§ **Task prompt**
Restate exactly the lines of the entries below, beginning with the first and ending with the line that holds "Hyundai Ioniq 1.6". Pictures are not copied.

(Records contained in a dataset)
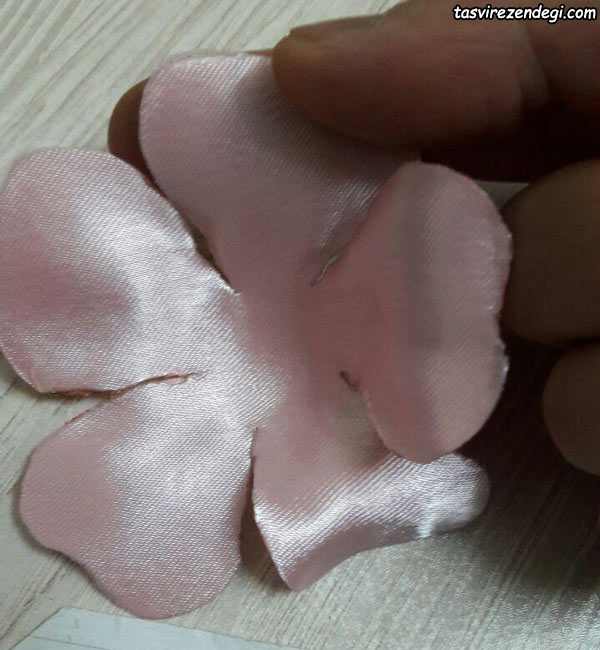تزیین لباس با گل پارچه ای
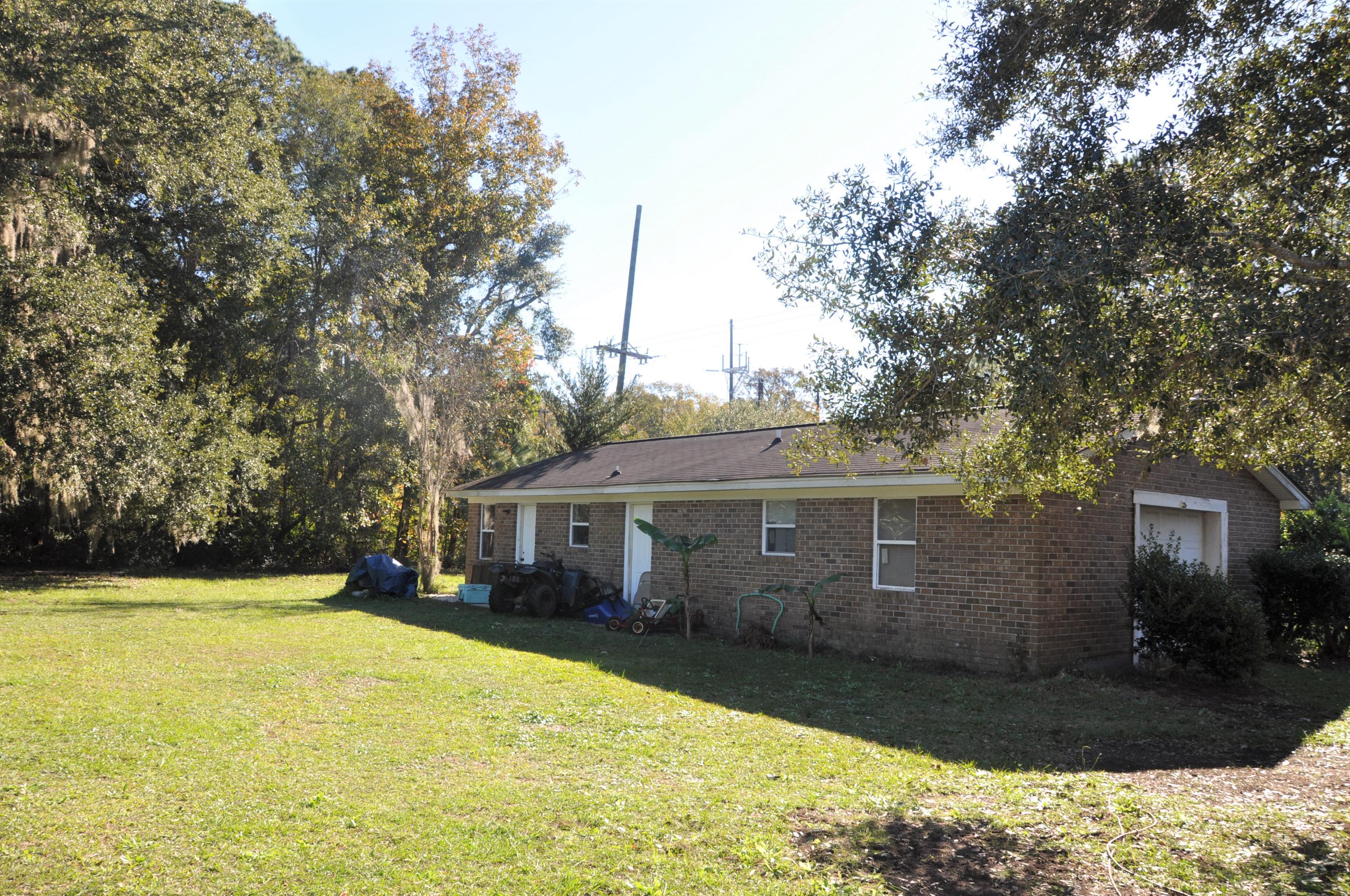 1990 Liberia Road Wadmalaw Island, SC 29487 - Photo 15 of 19 Garage back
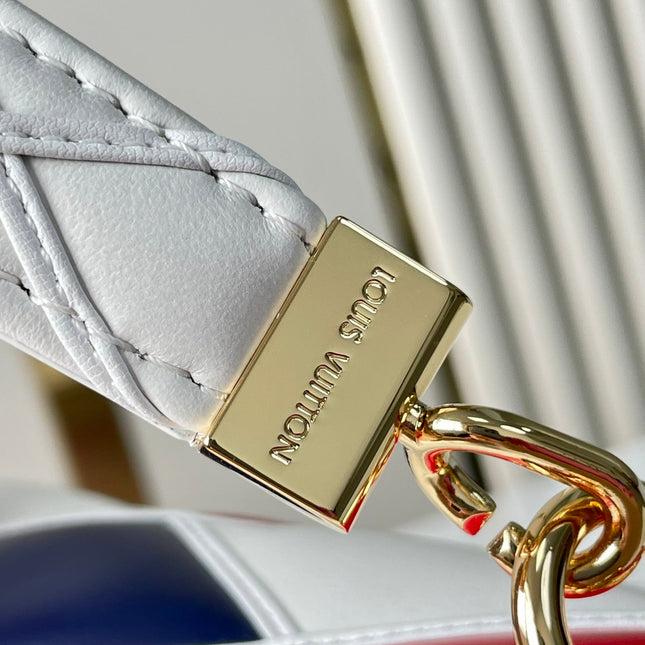 GO-14 MM 23 IN WHITE RED MIX NAVY BLUE QUILTED LAMBSKIN GOLD HARDWARE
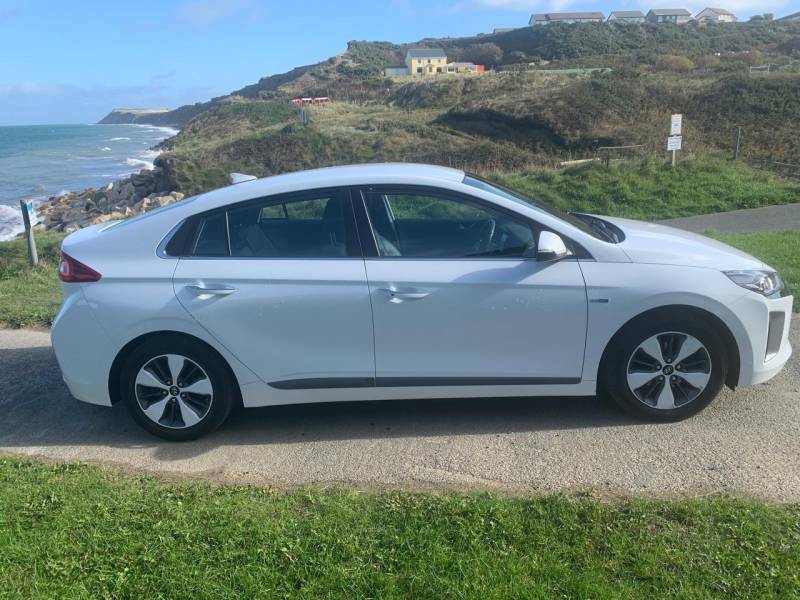 Hyundai Ioniq 1.6 Gdi Plug-in Hybrid Premium Se Dct White #4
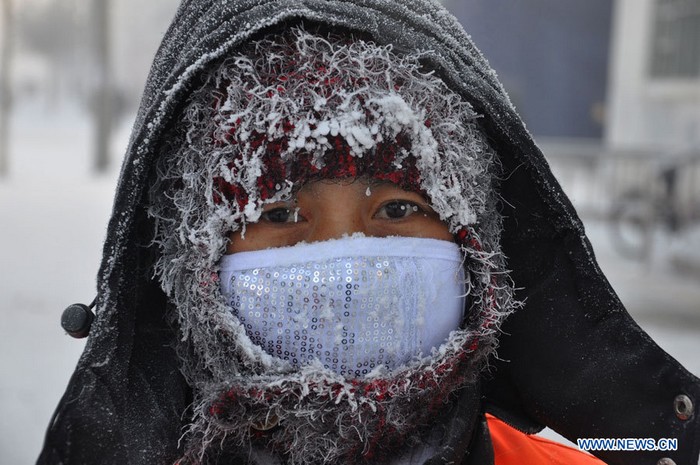 Une éboueuse emmitouflée dans un manteau couvert de givre à Hulunbuir, dans la région autonome de Mongolie intérieure (nord), le 29 novembre 2012. La ville a connu ces derniers jours des chutes de neige et une forte baisse des températures. (Photo : Yu Changjun)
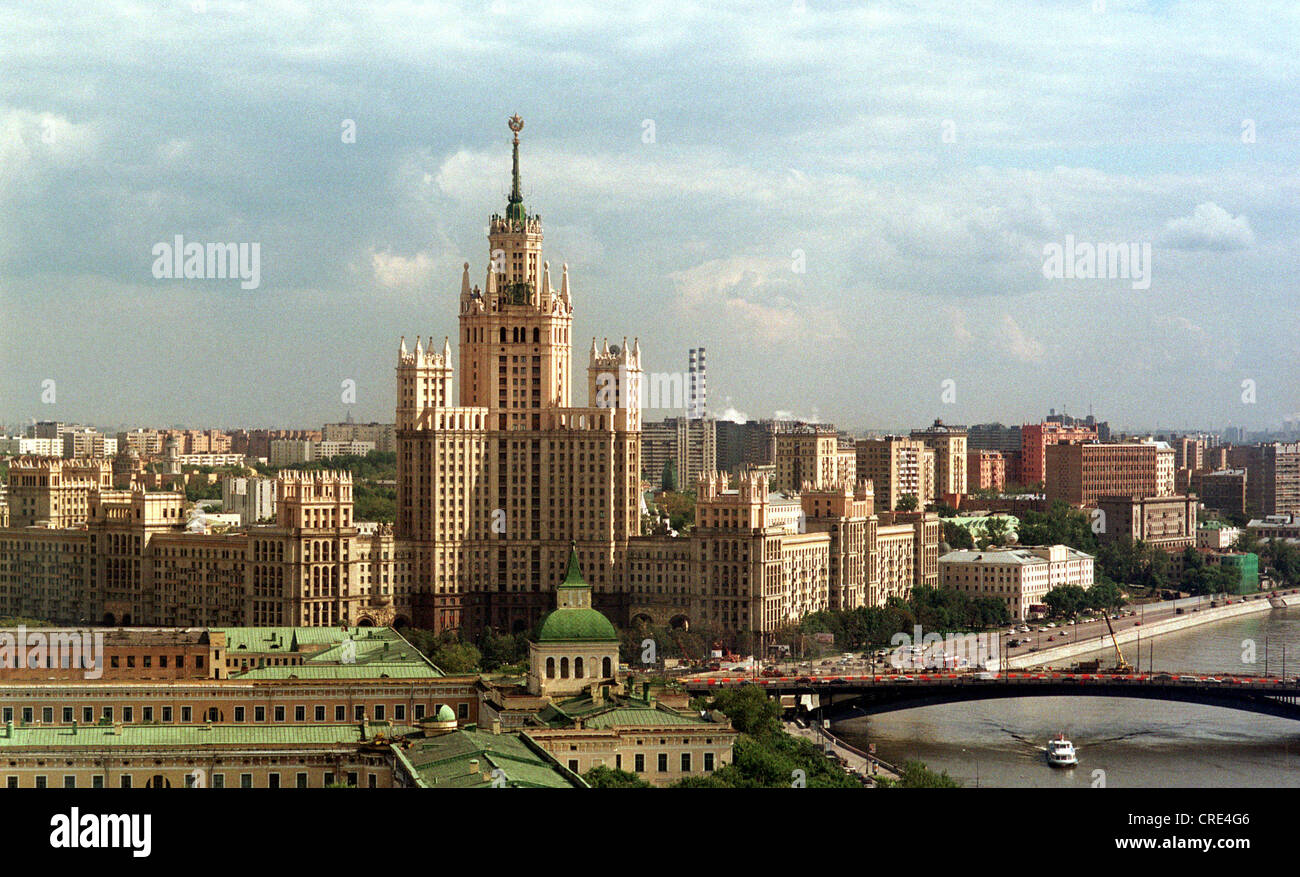 Moskau-Hochhaus am Kotelnicheskaya Kai auf der Moskwa Stockfoto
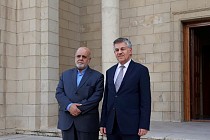 سفیر نو عراق با سفیر ایران دیدار کرد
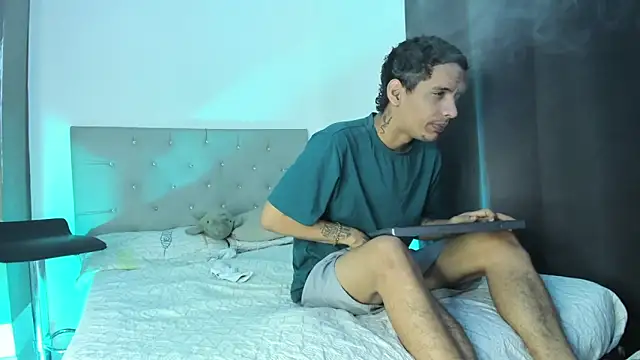 Snapshot of twinkDuohot chatting on 2, 2, 2026 twinkDuohot online show from 2, 2, 2026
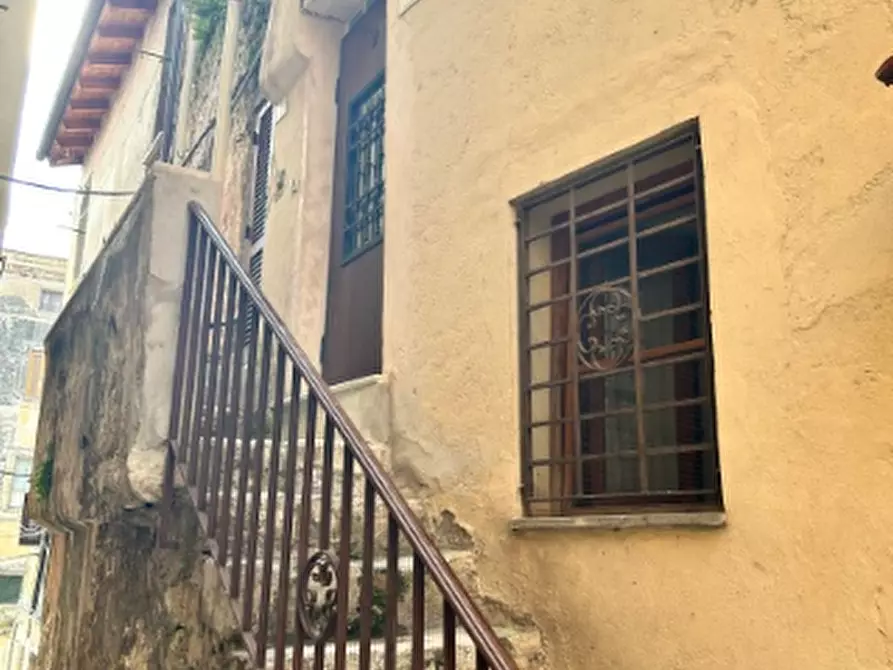 Immagine 10 di Appartamento in vendita  a Terracina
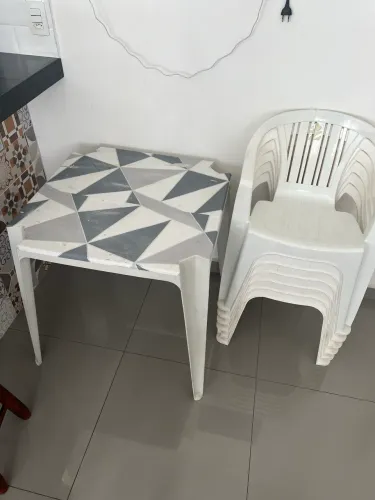 Mesa e cadeira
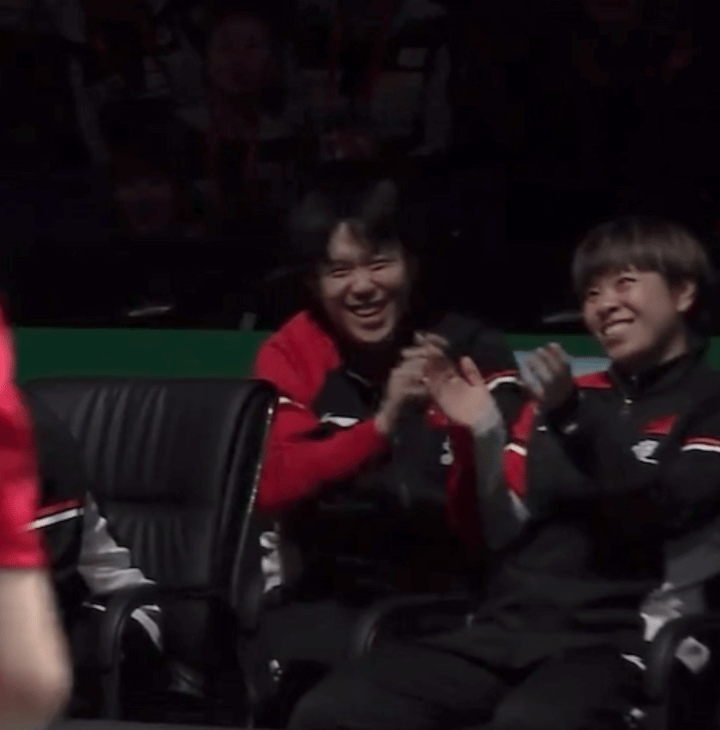 给小王笑成啥样了哈哈哈哈哈哈哈 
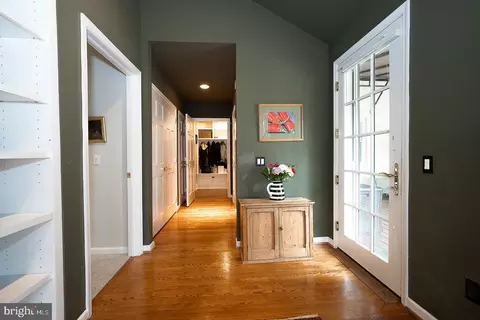 Entry Way - 938 Ivycroft Rd, Wayne, PA 19087 photo 4 of 5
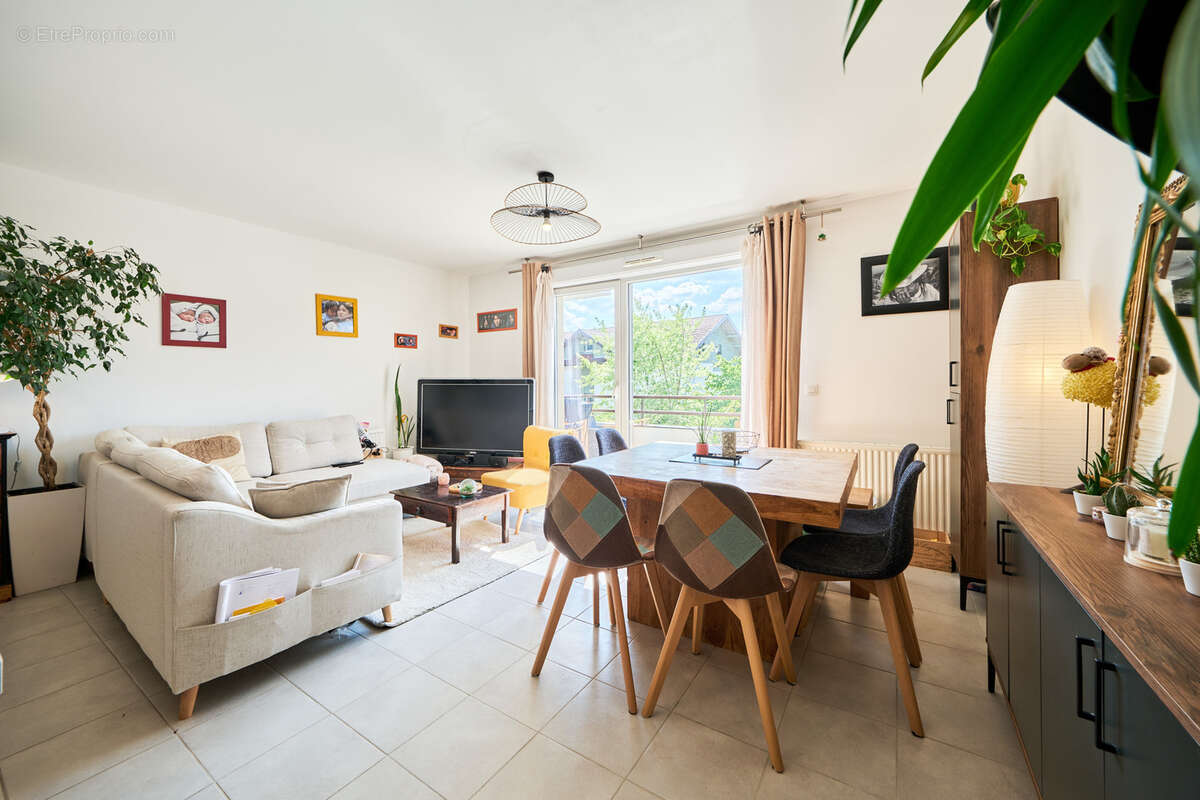 Appartement à VILLAZ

§ **Solution for this problem**
تزیین لباس با گل پارچه ای
 1990 Liberia Road Wadmalaw Island, SC 29487 - Photo 15 of 19 Garage back
 GO-14 MM 23 IN WHITE RED MIX NAVY BLUE QUILTED LAMBSKIN GOLD HARDWARE
 Hyundai Ioniq 1.6 Gdi Plug-in Hybrid Premium Se Dct White #4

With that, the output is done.